QuackDB includes an initial Ecto SQL adapter for raw SQL queries. If your app does not already depend on Ecto SQL, add it alongside QuackDB:

```elixir
def deps do
  [
    {:quackdb, "~> 0.1.0"},
    {:ecto_sql, "~> 3.13"}
  ]
end
```

Then define a repo:

```elixir
defmodule MyApp.AnalyticsRepo do
  use Ecto.Repo,
    otp_app: :my_app,
    adapter: Ecto.Adapters.QuackDB
end
```

Configure the repo with the same connection options used by `QuackDB.start_link/1`:

```elixir
config :my_app, MyApp.AnalyticsRepo,
  uri: "http://[::1]:9494",
  token: "super_secret"
```

Then use `Repo.query/3`:

```elixir
{:ok, result} = MyApp.AnalyticsRepo.query("SELECT 1 AS n")

result.rows
#=> [[1]]
```

Raw SQL also works inside Ecto transactions:

```elixir
{:ok, :committed} =
  MyApp.AnalyticsRepo.transaction(fn ->
    MyApp.AnalyticsRepo.query!("CREATE TEMP TABLE events(id INTEGER)")
    MyApp.AnalyticsRepo.query!("INSERT INTO events VALUES (1), (2)")
    :committed
  end)
```

Use `Repo.rollback/1` to abort transaction work:

```elixir
{:error, :rolled_back} =
  MyApp.AnalyticsRepo.transaction(fn ->
    MyApp.AnalyticsRepo.query!("INSERT INTO events VALUES (3)")
    MyApp.AnalyticsRepo.rollback(:rolled_back)
  end)
```

Read-only Ecto queries against table names are also supported, including CTEs, window functions, joins, grouping, having, distinct, aggregate `FILTER`, arithmetic expressions, `in/2`, predicates, ordering, limits, aggregates, and fragments:

```elixir
import Ecto.Query

MyApp.AnalyticsRepo.all(
  from event in "events",
    where: event.id > ^min_id and like(event.name, "d%"),
    order_by: [asc: event.id],
    select: %{id: event.id, name: event.name, upper_name: fragment("upper(?)", event.name)}
)
```

Ecto support is analytical rather than CRUD-shaped, but still early. Migrations, set combinations, locks, and Ecto-managed inserts/updates/deletes raise explicit unsupported-feature errors for now.

## Current limitations

- Bind parameters are not exposed through this Quack client path yet.
- Appends are represented at the protocol struct level but are not exposed as public API.
- Ecto support is limited to raw SQL through `Repo.query/3` and read-only analytical table queries through `Repo.all/2`.
- The low-level protocol is experimental and tracks DuckDB's Quack extension behavior.

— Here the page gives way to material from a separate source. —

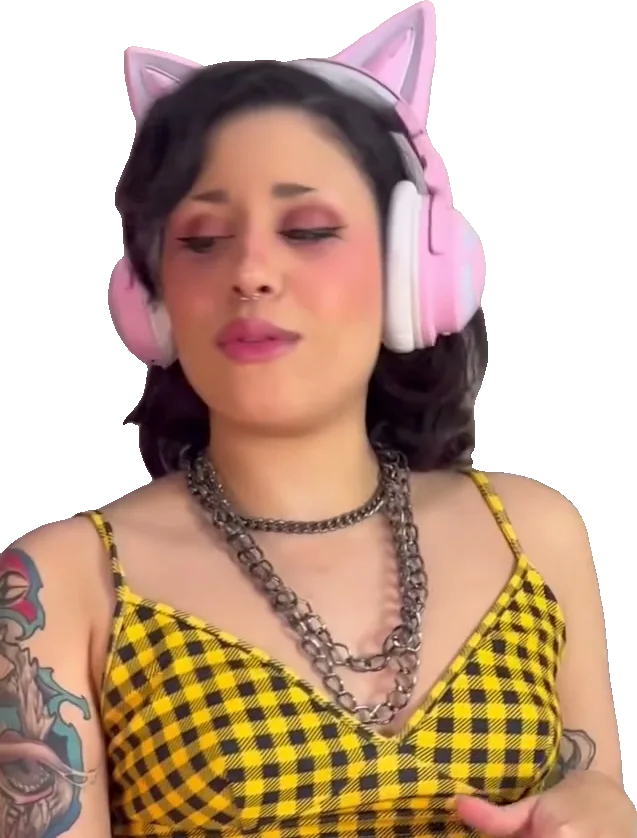 Bacon de cabelo preto curto, fone rosa de orelha de gato e top xadrez amarelo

## Supervision and connection options

Use QuackDB under your application supervisor when you want a long-lived connection pool:

```elixir
children = [
  {QuackDB,
   uri: "http://[::1]:9494",
   token: "super_secret",
   name: MyApp.QuackDB,
   pool_size: 5}
]
```

The client accepts QuackDB options such as `:uri`, `:token`, and `:transport`, plus DBConnection pool options such as `:name`, `:pool_size`, `:queue_target`, `:queue_interval`, and `:timeout` on individual calls.

```elixir
QuackDB.query(MyApp.QuackDB, "SELECT 1", [], timeout: 10_000)
```

## Development

```sh
mix deps.get
mix ci
```

Integration tests are skipped by default. To run them against a Quack server:

```sh
QUACKDB_TEST_URI='http://[::1]:9494' \
QUACKDB_TEST_TOKEN=super_secret \
mix test --include integration
```

See [`guides/getting-started.md`](guides/getting-started.md) for a longer walkthrough, [`guides/type-support.md`](guides/type-support.md) for the current DuckDB type matrix, and [`docs/research.md`](docs/research.md) for protocol notes.